Sessions also was noncommittal about respecting the rights of states when it comes to cannabis, which is something President Trump has recently advocated for. When questioned by Sen. Lisa Murkowski (R-AK) about whether or not the attorney general would oppose federal cannabis reforms, Sessions replied, “I can’t make a commitment about what position we would take at this time, until we know what’s exactly involved.”
Sessions did note that marijuana isn’t a priority of the Justice Department. That honor goes to fentanyl, heroin, cocaine, and methamphetamine. But the attorney general said that if marijuana cases “are a big deal and illegal acting, and violating federal law, our agents may work that case.”
In other words, Sessions, while perhaps being a bit more conciliatory than normal when it comes to marijuana, still is quite skeptical about the drug and the industry.
Will cannabis ever be legal in the U.S.?
The big question is: Will marijuana ever be legal in the United States? The answer will likely depend on the makeup of Congress.

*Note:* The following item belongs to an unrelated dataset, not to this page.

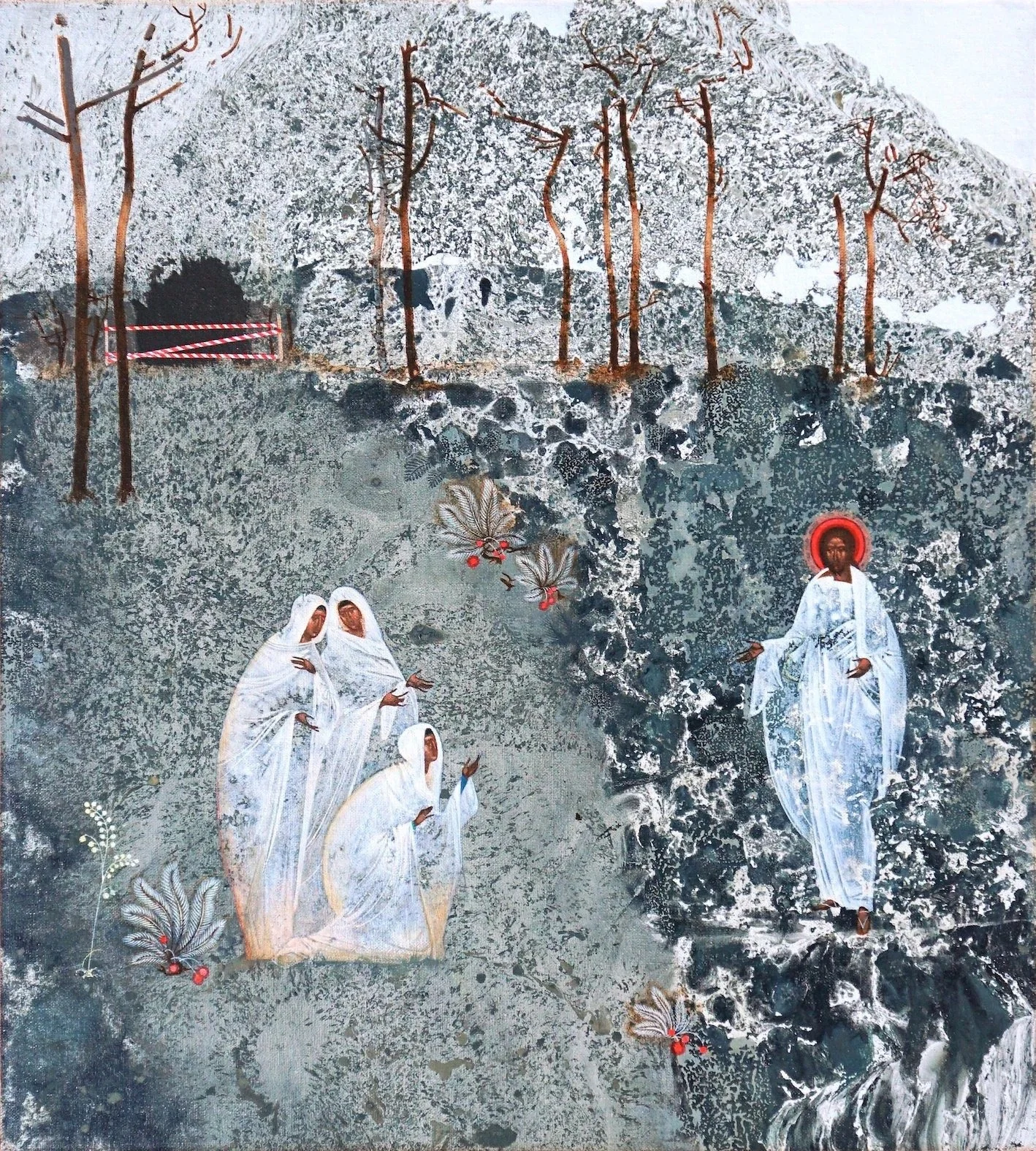 Practicing the Resurrection of the Body (Easter Sunday)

Historically, Republicans tend to have a less favorable view of marijuana than Democrats and Independents. Given that the GOP controls the House and Senate until at least Jan. 2019, when the new Congress will take shape following midterm elections, changes to marijuana’s scheduling look very unlikely.
Beyond 2019, though, there’s the possibility of change. If more Democrats are voted into Congress during midterm elections, or support for cannabis hits a tipping point whereby politicians have no choice but to support legalization or lose their elected seat in Washington, then it would be possible to see meaningful change at the federal level.
But should U.S. investors be betting on such change? I don’t think so. As long as Trump is president and Sessions is the attorney general, the prospect for altering marijuana’s scheduling is muted. Those investors looking to get their feet wet in the cannabis industry likely would do far better by considering Canadian growers and ancillary businesses rather than dabbling in the murky U.S. pot industry.